Hi, my love, Michael.
I have very bad news for you. I even don't know how to begin. Right now I am writing you from the hospital. I have concussion of the brain. But don't worry because I am OK, only I have a little headache. When I was getting money in westernunion for insurance I was so happy because of our future meeting that I lost my vigilance. When I went out of westernunion I went to the airport at once. But when I was passing a dark street somebody heated my head with a heavy object.
I lost consciousness and awakened in hospital only. I was told that I was robbed. My wallet with money and your address and coordinates were stolen. To tell truth , I have noticed in westernunion two suspicious young people, but I didnt pay attention. How I am pity about my carelessness presently.
The policeman came to me in chamber and I described him appearance of thise pair. But I am not sure that they will find them. I feel uncomfortable to ask you once again about help, but you are the most close person for me in this big city though you are very far now. Send me please 83 dollars. This money will be enough for me must to get to Kursk. Fortunately, my documents were not stolen.
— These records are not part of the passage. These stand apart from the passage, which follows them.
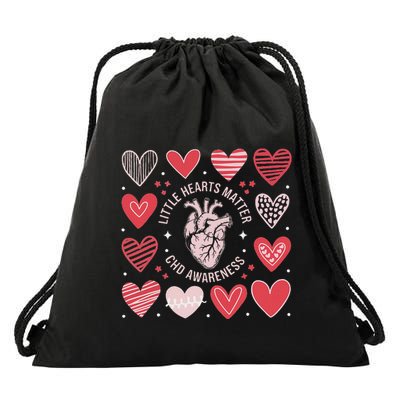 Heart Anatomy Valentine Little Heart Matter Chd Awareness Drawstring Bag
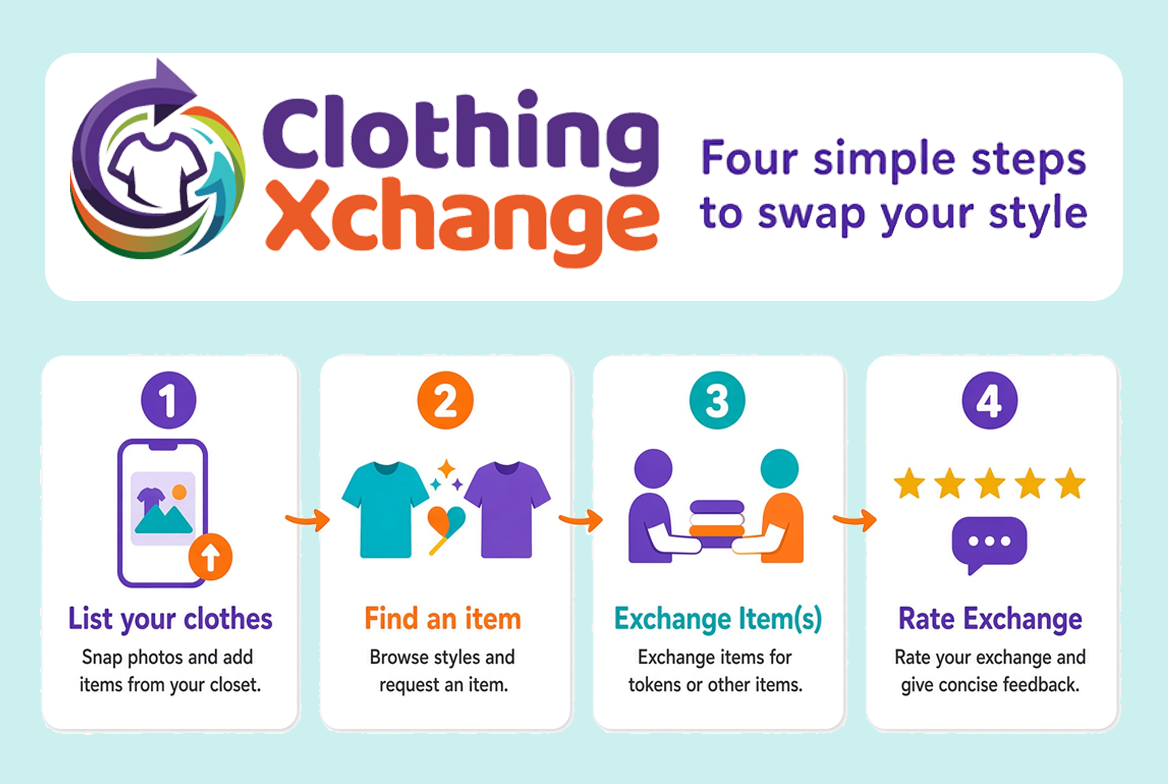 Clothing Xchange - 3 simple steps to swap your style
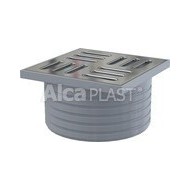 Alcaplast Gardziel wpustu, kratka 105 × 105 nierdzewna do APV26, APV26C APV0900
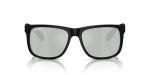 Ray-Ban Justin Polarized Sunglasses, Black/Green 54 mm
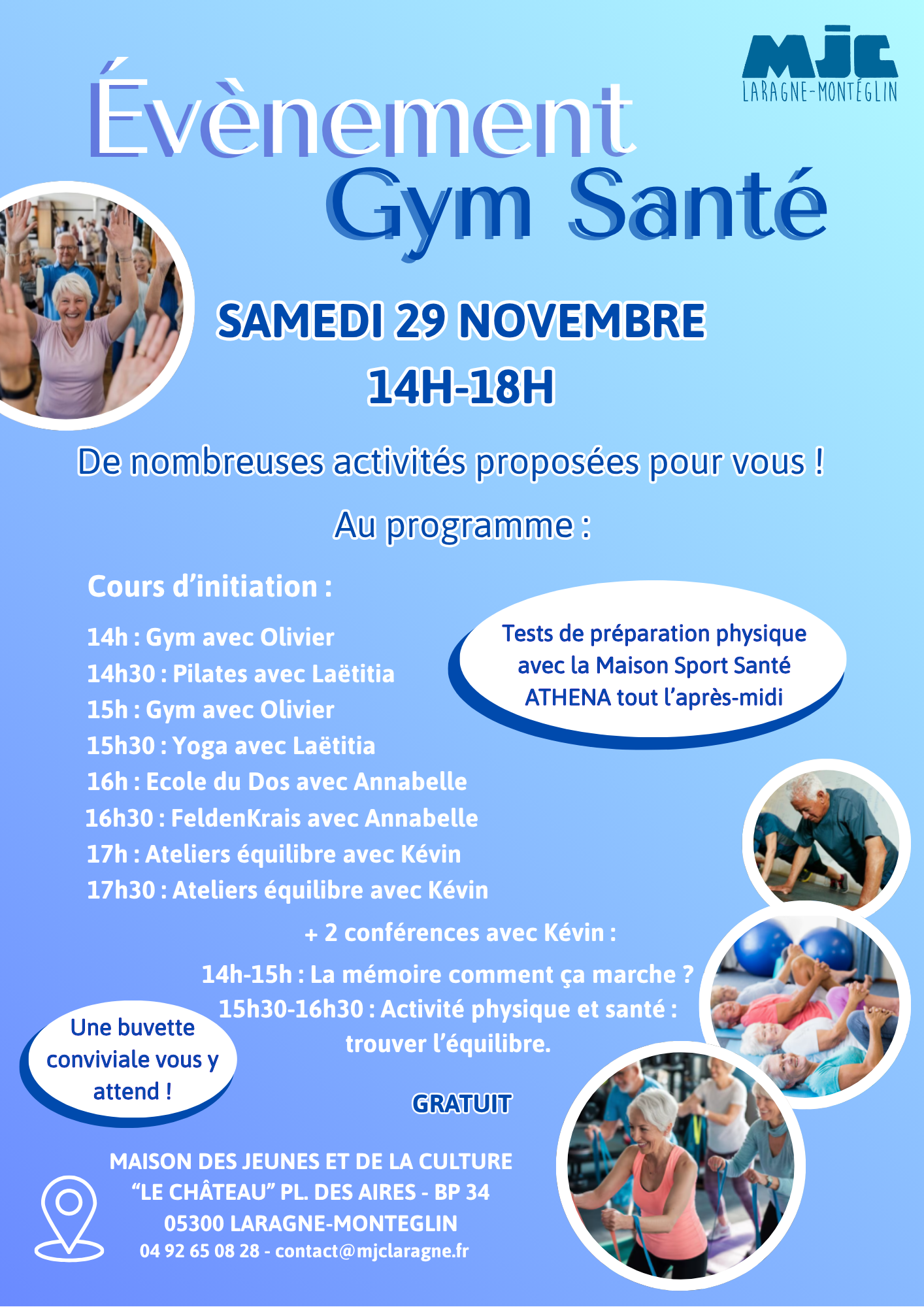 Evnement Gym Sant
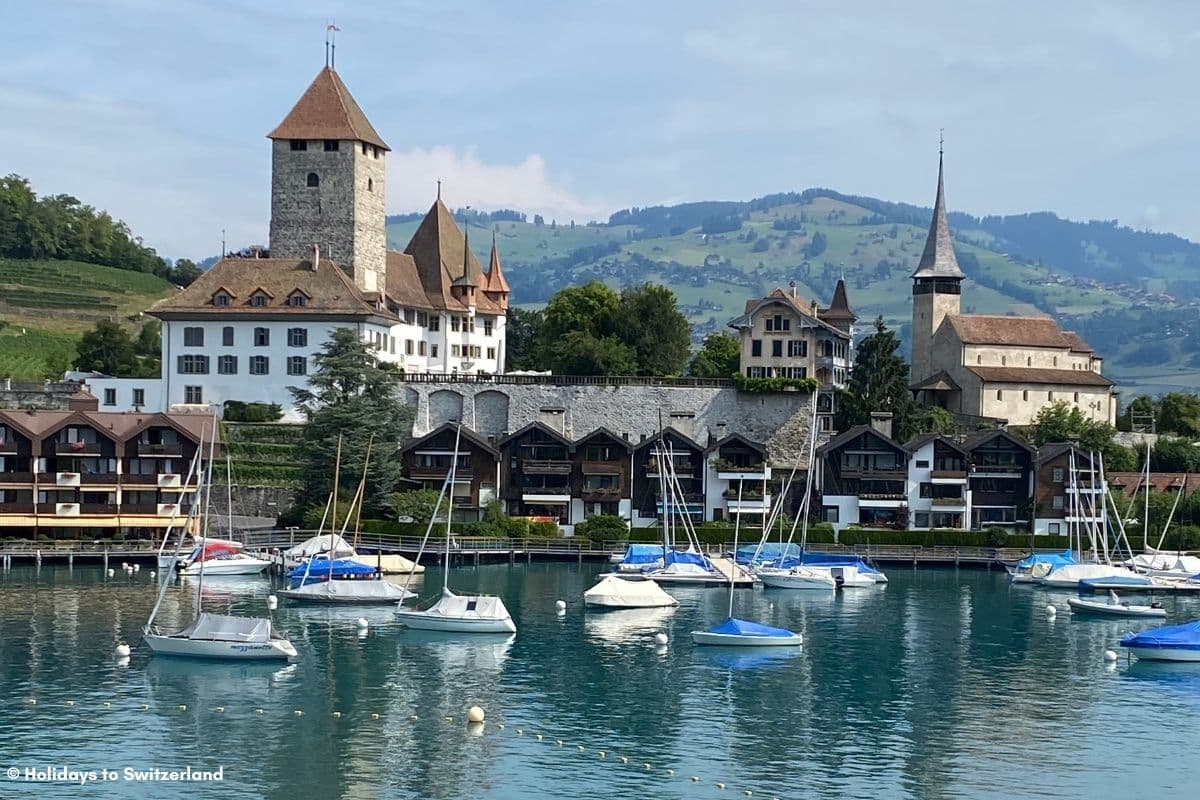 Spiez Castle beside Lake Thun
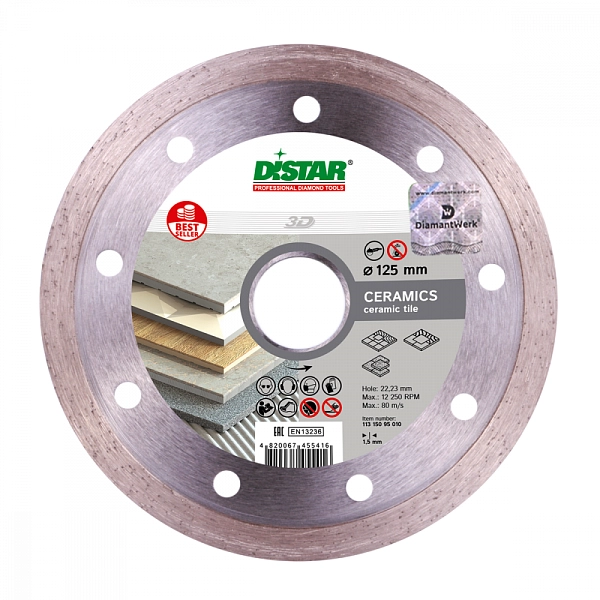 Алмазный диск DISTAR 1A1R Bestseller Ceramics D125 : 1 920 ₽ Алмазный диск DISTAR 1A1R Bestseller Ceramics D125 : детальное описание и быстрый заказ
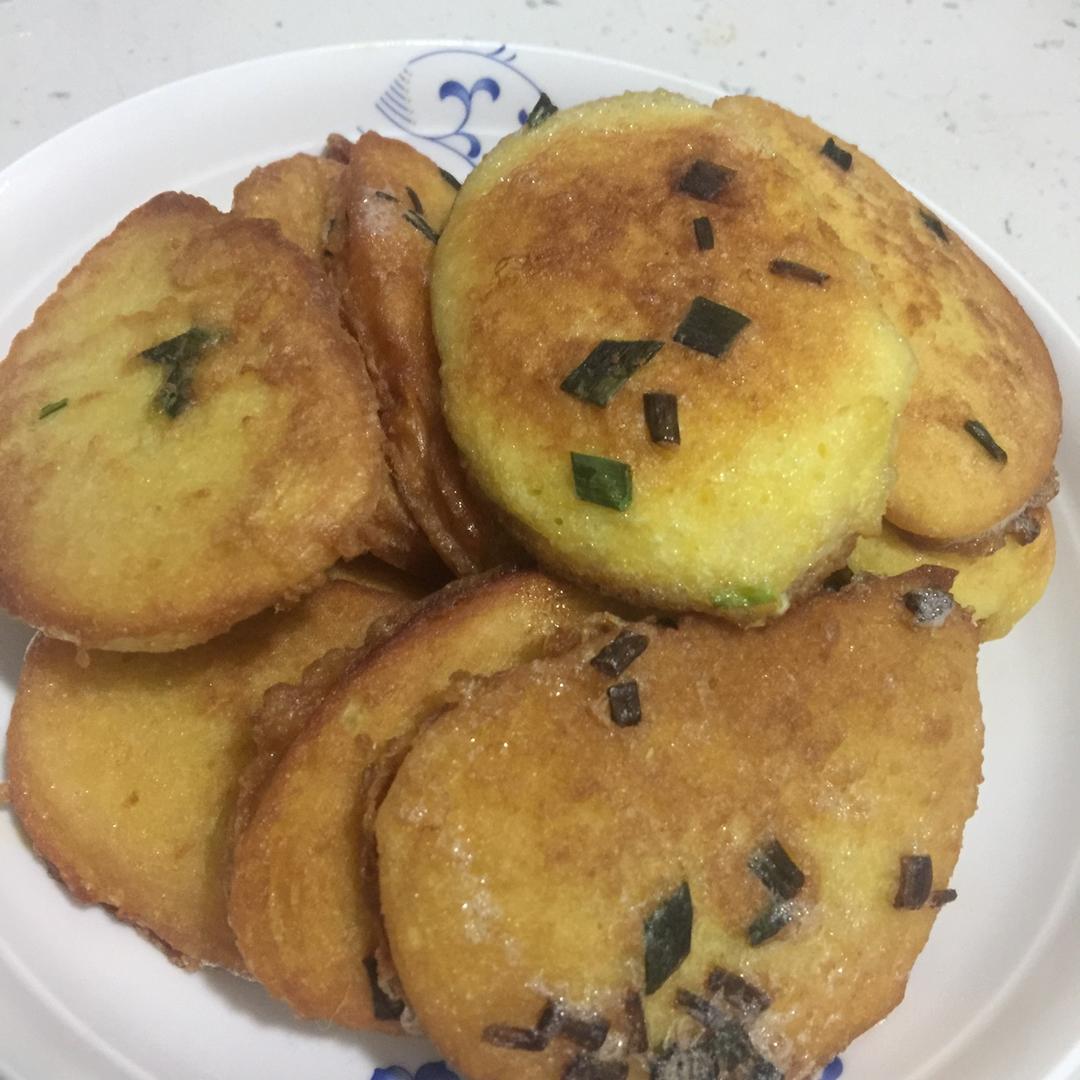 鸡蛋煎馒头片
When I arrive in Kursk, I will sell my apartment. These money will be enough to buy the plane ticket and return you all money which you gave me. I love you very much and as before I want to be with you anyway. Probably you think that I was powerfully knocked on head if I am so mad. But I have solved so. My love to you with each day and with all failures only grows. If you are not able to help me presently, I will understand this and won't be offended on you. But you are my last hope. Tomorrow I will go from hospital. I do not know what I shall do. I have no money to eat and buy the ticket home. Answer me as quickly as possible.
Tomorrow is the last day when I am capable to use the computer in hospital.